In this world, everyone’s got an opinion. Too many voices, too many perspectives. Some will tell you to shoot a certain way, to follow the rules, to color inside the lines. Others will tell you to abandon all structure, let chaos take over, and just create. But the truth? Creativity isn’t found at either extreme. It lives somewhere in between—where your instincts meet the influences that have shaped you.
Creativity Comes From Within—But It’s Fed by the World Around You
Art isn’t about pleasing everyone. It’s about telling a story, capturing a moment, showing the world through your eyes. When you create, you’re putting a piece of yourself into the world, and that piece is shaped by everything you’ve ever consumed—every book you’ve read, every movie that’s hit you hard, every game that’s immersed you so deep you forgot reality for a while. These things matter. They build you, shape your taste, refine your sense of what’s worth capturing.
I’ve walked down alleys where neon signs cast a cold blue light against rain-slick pavement, and the only thing running through my mind was Blade Runner. I’ve watched shadows stretch across an empty subway car and felt the tension of a scene straight out of The Last of Us. I’ve stepped into a golden-hour street fight of light and shadow, and all I could think about was the way The Godfather used warmth to create menace. None of that was coincidence. It was instinct—my intuition trained by the things I love.
The Fine Line Between Advice and Noise
You’ll hear a lot of advice in photography. Some of it good. Some of it just noise. “Use the rule of thirds.” “Always shoot in RAW.” “Don’t center your subject.” It’s all well and good until it starts dictating your creativity rather than refining it. Advice is a tool, not a law. Use it when it serves you, discard it when it doesn’t.
I remember the first time I was told not to shoot in low light without a tripod. “Too much noise,” they said. “You’ll lose detail.” But I didn’t listen. I shot anyway. The result? An imperfect, grainy image—but one that had soul. It felt raw, real, alive. Sometimes, breaking the so-called rules is what makes a shot worth taking.
That’s the balance—listening just enough to learn, but never so much that you lose your own voice. You take what resonates, leave what doesn’t, and move forward with your gut leading the way.
Finding Inspiration in the Everyday
The world is full of art, and most people don’t even notice it. They walk past a decaying wall, a flickering streetlight, a face lost in thought on a bus, and they see nothing. But you? You see the shot. You see the texture in that cracked paint, the mood in that dim glow, the story in that distant gaze. You recognize art because you’ve trained yourself to see it.
Some of the best photographers aren’t the ones chasing the next big landscape or exotic location. They’re the ones finding magic in the mundane, turning the ordinary into something unforgettable. And often, that vision comes from everything else they love. If video games are your thing, you start seeing cinematic compositions in the real world.
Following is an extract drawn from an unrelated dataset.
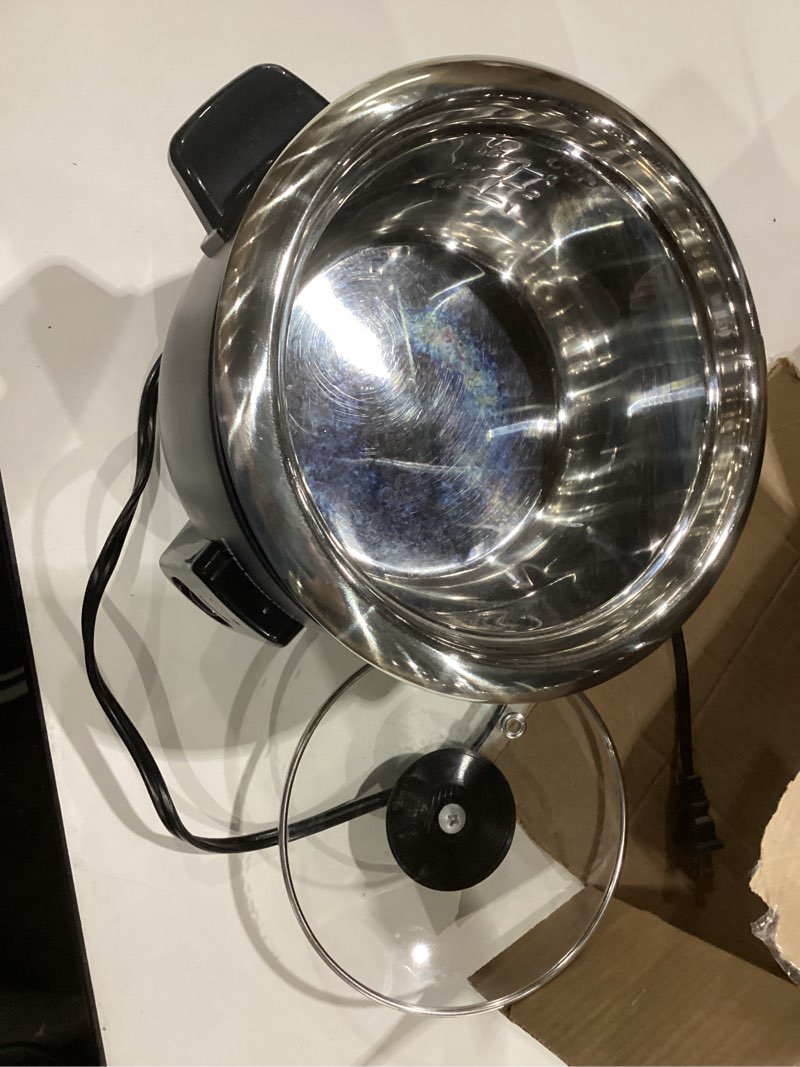 Condition photo showing As Is for USED Elite Gourmet ERC006SS 6-Cup Electric Rice Cooker with Stainless Steel Inner Pot, Makes Soups, Stews, Porridges, Grains and Cereals, 6 cup (3 cups uncooked), Black 6 Cups Cooked, Stainless Steel Black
If you’re drawn to noir films, your eye starts catching the way light and shadow play on the streets at night. If you read novels that paint vivid scenes, you start framing life as if it were a story waiting to be told.
The Only Opinion That Truly Matters
At the end of the day, it’s your art. Your shot. Your moment. Take inspiration from the things you love. Listen to advice with an open mind. But when it’s time to press the shutter, trust yourself. Because in that split second, there’s only one person’s vision that matters—and that’s yours.